### EXERCISE BRIEF
Your response should consist of the entire listing, transcribed exactly, with every image left out.

### GIVEN DATA

- - - - -

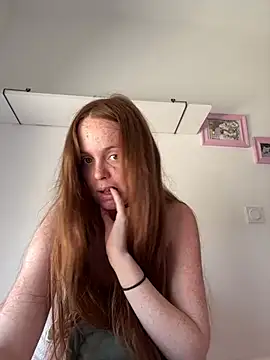 lilysmn online show from May 6, 1:27 pm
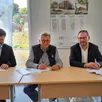 photo  thomas hanss, coordinateur des opérations bimby-bunti à villes vivantes ; gilles grimaud, président d’anjou bleu communauté, et jean-noël gaultier, vice-président chargé de l’habitat, ont signé la convention bimby-bunti. 
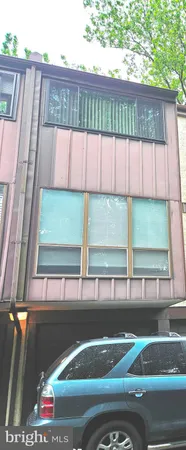 $1,925 | 233 Township Line Road, Unit 2A, Elkins Park, PA 19027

- - - - -

### EXERCISE RESPONSE
 lilysmn online show from May 6, 1:27 pm
 photo  thomas hanss, coordinateur des opérations bimby-bunti à villes vivantes ; gilles grimaud, président d’anjou bleu communauté, et jean-noël gaultier, vice-président chargé de l’habitat, ont signé la convention bimby-bunti. 
 $1,925 | 233 Township Line Road, Unit 2A, Elkins Park, PA 19027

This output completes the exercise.